O fim do livro de Maurício Raposo
Como em quase qualquer coisa, há uma certa ambiguidade na ocasião do fim da leitura. Alguns livros se permitem o abandono, e com isso o fim da leitura parece uma coisa conquistada, um objeto adicionado a seus pertences. Outros repudiam qualquer sensação de conquista: uma vez finda a leitura, o que continua com você é a perda. Você perdeu, o livro não está mais com você, aquela companhia se foi, e você vai continuar sem ela – e com a sensação da perda.
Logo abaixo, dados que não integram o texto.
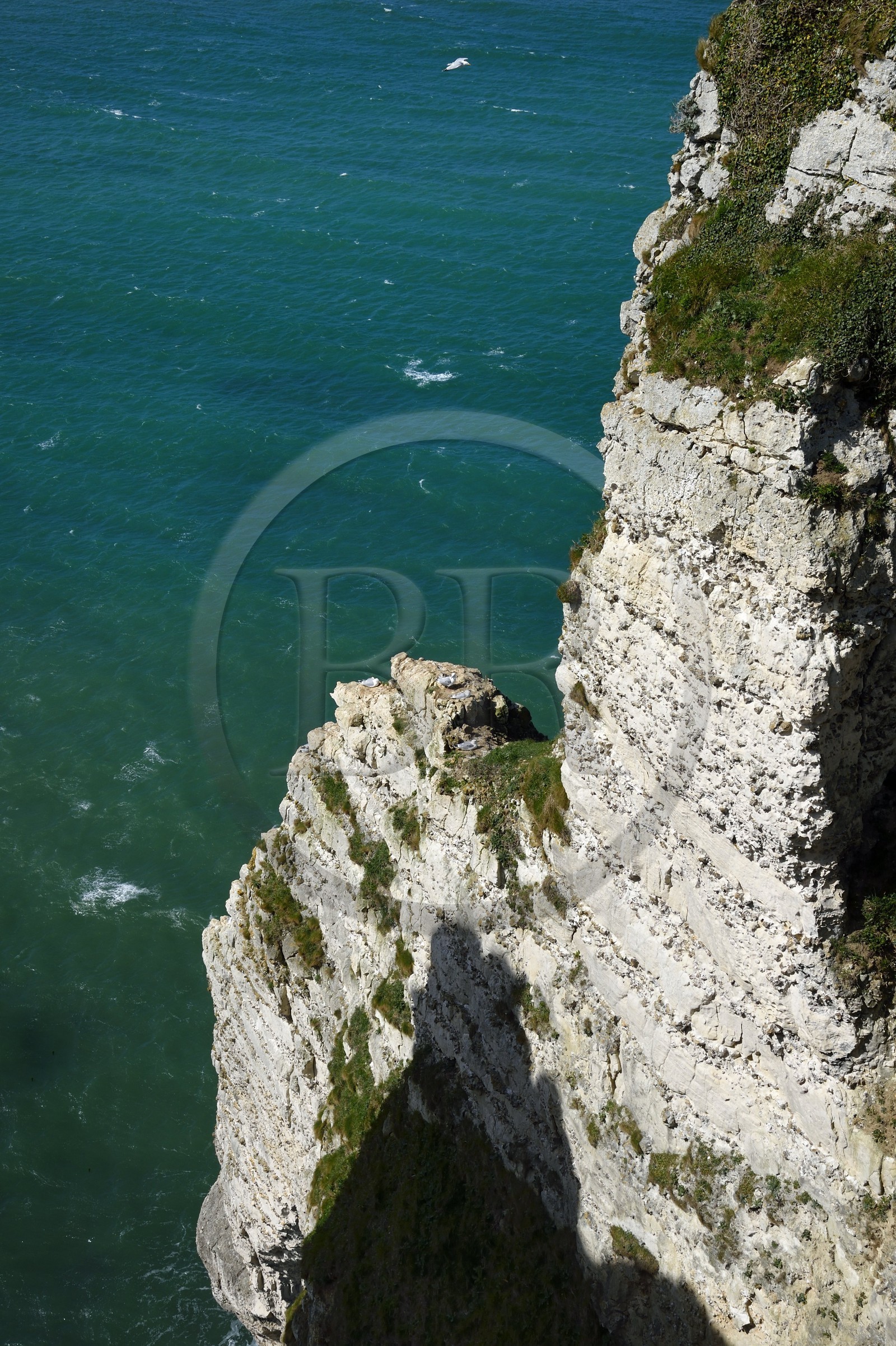 France, Seine-Maritime (76), Pays de Caux, Côte d'Albâtre, Etretat, mouettes sur la falaise d'Aval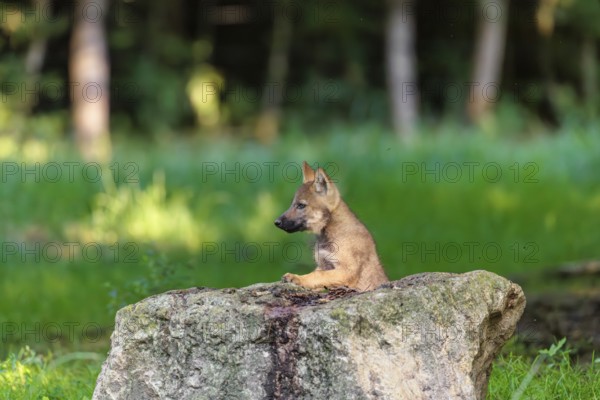 A gray wolf pup (Canis lupus lupus) stands on a small hill at the edge of the forest and observes the other members of the pack. A second pup passes behind him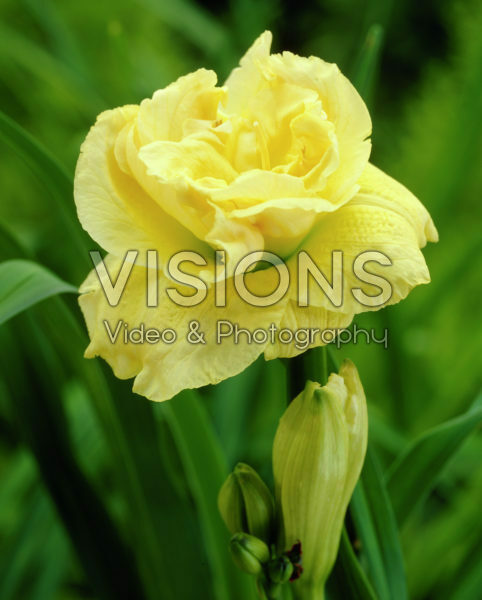Hemerocallis yellow Hemerocallis yellow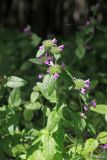 Clinopodium vulgare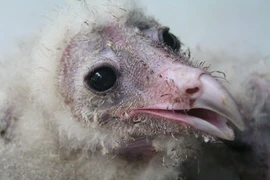 Phát hiện bầy chim lạ, to lớn, mặt mũi kỳ dị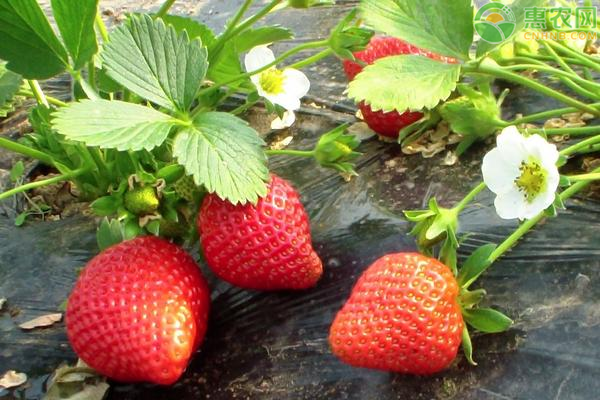 自己吃的草莓用什么肥料好？-圖片版權(quán)歸惠農(nóng)網(wǎng)所有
Assim, você se vê numa noite de quinta-feira, perdido em sua própria casa, pois seu livro terminou: você estava lendo sobre Henry James, algo que tem uma aura toda particular para você: conhecer, ler, usar Henry James é um indicativo de que você se afastou muito da pessoa que era quando saiu de casa, pois você tem uma idéia meio demodê de formação que está indissociavelmente ligada a Henry James e outros luxos afins. Então você passou os últimos dias, uma semana difícil, uma semana hostil, enfiando essa leitura de uma “biografia romanceada” de James nos hiatos entre as tarefas. A denominação é cretina: o livro é ficção: é bonito e bom, e é ficção. Você pensa E daí que flerte com supostos acontecimentos documentados? Quem inventa e não faz isso que atire a primeira pedra. Nossa épica, mesmo que se prove fudida e gasta, é essa: uma invenção vampira, uma criação dependente. Não é secundária, não é necessariamente derivativa – mas por mais que se esforce, e tem se esforçado, não abandona sua amante, que é também sua nêmesis, suas vias de fato.
Está claro que, se você está pensando essas coisas por volta de uma e meia da manhã, sua noite está em alguma medida comprometida e, como um estranho em sua própria casa, você se demora diante da proporcionada desordem das estantes, quer saber o que vem a seguir, quem ocupará o lugar vago, quem virá resolver alguma coisa agora que você terminou de ler The Master, agora que você não sabe mais o que ler, ainda. Você se dirige ao setor Henry James: será a hora de reler algum desses contos? Reler What Maisie knew? Coisas de crítica e comentário: Os prefácios, com o prefácio aos prefácios escrito pelo Marcelo Pen? O capítulo de Eakin sobre os textos biográficos de James? O primeiro volume da biografia de Edel? Saer escreveu um bom prefácio para “The lesson of the Master” – onde está isso? É titubeio, e passa tempo, mas é tudo vão, você sabe: essa noite, essa solidão, é isso que você vai ter.
Então você encontra, enfiado na estante acima dos livros, entre alguns pocket books largados e amarelíssimos, quase impossíveis de se ler agora, e nem são tão velhos assim – The turn of the screw, The Aspern Papers, um Conrad, todos comprados em um balaio que tinha perto do restaurante da UFMG – você encontra uma moldurinha, um porta-retratos barato, com uma foto dos irmãos James, os dois já bem coroas, no jardim da casa de Henry em Rye. Essa foto, que você carrega há mais dez anos, foi parar na moldura como um presente de Natal e de despedida para um amigo, um presente que nunca foi enviado: a legenda, que dizia originalmente William and Henry James, Lamb House, 1900, está riscada e embaixo, escrito à mão, está agora Antonio Marcos Pereira e Maurício Raposo, Belo Horizonte, 2001. A consequência óbvia de encontrar com um objeto desses em tais condições é ponderar vagamente sobre amizade, perda, erro – e, também, claro, sobre a força pálida de alegrias passadas, o prazer de colocar as mãos no bolso do agasalho em um dia frio, o vazio todo particular da espera, a casualidade apropriada da mão no ombro do amigo, do irmão, do cúmplice eletivo, seu abraço.